Why is the Purim victory so amazing, more so than, say, the miracle of Chanuka, that it has the power to actually transform the entire month?
Haman (may his name be erased) was a descendant of Amalek, the infamous nation that had the chutzpa to attack the Jewish people after their miraculous exodus from Egypt.
All of the nations of the world trembled at the thought of battling with the Jewish nation, except for Amalek. The Torah explains that Amalek "met" the Jewish nation during its journey.
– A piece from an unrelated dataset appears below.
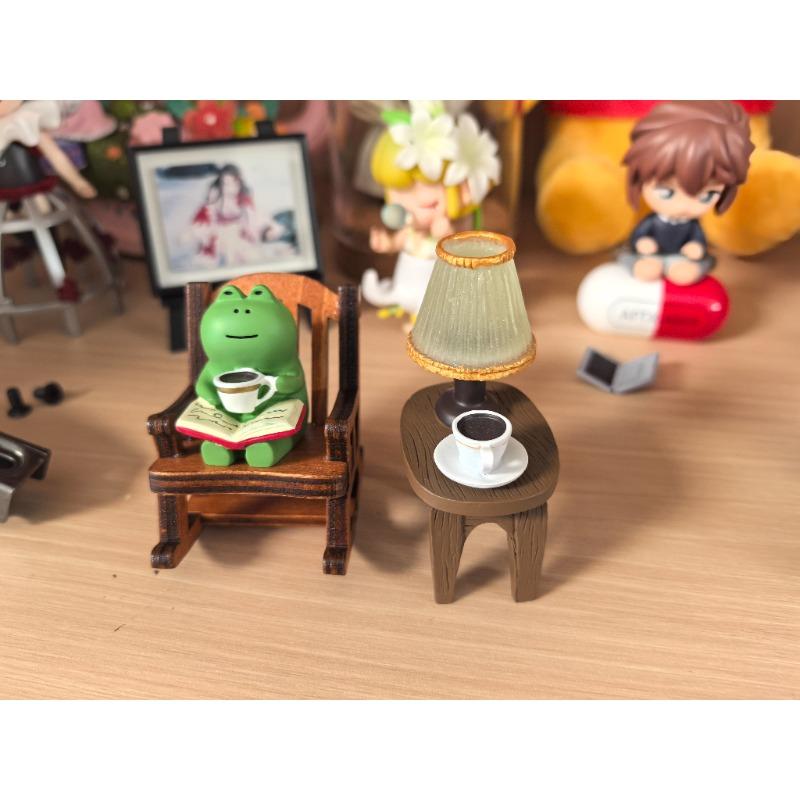 Frog Rocking Chair Cute Handmade Ornament Home Desktop Cute Granule Car DIY Trendy Play Resin Small Pendulum Arts and Crafts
But our commentators explain that the Hebrew word for "met" - "karcha" can also mean "made you cold."
Amalek, in his insidious way, wanted to "cool off" the Jewish people from their fiery faith in G-d and Moses after all the miracles and Divine revelations they had merited.
The very name "Amalek" has the same numerical value as the Hebrew word "safek" meaning "doubt." Amalek's main goal was not to win a military victory over the Jews, but to pierce their perfect faith and strong belief by bringing in "doubts."
So you see, when, generations later, the Jews at the time of Purim were victorious over Haman the Amalekite, the ultimate victory was not over the man but over all that he stood for - coldness, doubt, skepticism, and the like.
Thus, the entire month of Adar is permeated with the joy and happiness of the Purim holiday, because the stakes were so terribly high.
May we all be victorious over our personal Amaleks this Purim until we merit the ultimate victory over Amalek at the time of the Redemption.